Tôkyô : portraits and fictions

In Japan, where the "unfolding of a route", consecrated in the idea of michiyuki ,
is so strongly imprinted on spatial culture, the selection of Tokyo as home base,
and sharing the exploit, required a plan.
French architect and writer, Manuel Tardits, longtime resident of the Japanese
capital, has proceeded with characteristic rigor and élan:
Step One: An initial academic curiosity rules, in response to a new and different
way of thinking about the city itself. Great cities of both East and West have
always balanced master plans against a patchwork of districts exposing divers
styles and time frames. By contrast, Tokyo as other offers a palimpsest.

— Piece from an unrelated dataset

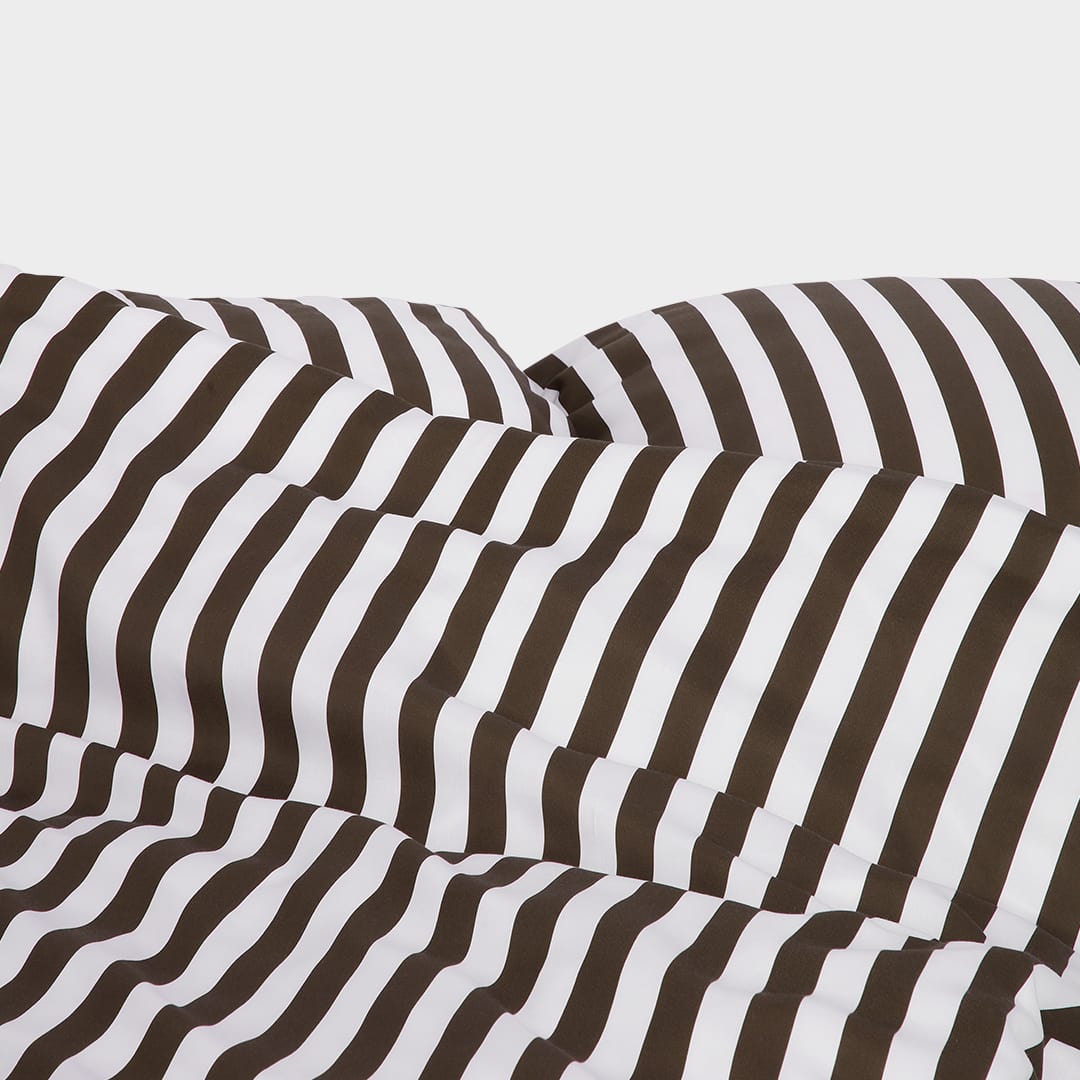 Bamboe beddengoed wit/bruin gestreept breed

Step Two: Is it even possible to understand, the multitude of cultural bias
such a metropolis presents? Or will Tokyo remain, instead, like Loti's Madam
Chrysanthemum, a succession of incomprehensibilities: apparent shamelessness,
nakedness, a city of infinite patience and yet one of virtual pornography
and disorder?
Step Three: The anthropologist takes hold, a roving eye in the city, whose fundamental
aim is to study each subtle mechanism behind an urbanism so different
from our preconceptions. And to that end, he explores and is even willing
to lose his bearings.
Final Step: Tardits treasures the freshness of an initial and astonished
encounter with this overcrowded city. Stepping back, he plots for the reader
a persistent outline amid a myriad of ephemeral urban data - one endowed
with a new sense.
Tokyo: Portraits and Fictions is an exemplary guide to Tokyo, be it for the
amateur or the professional architect or planner. Manuel Tardits presents
the essential classic "takes", as well as up-to-the-minute developments. His
achievement is an unfolding of discoveries and surprises.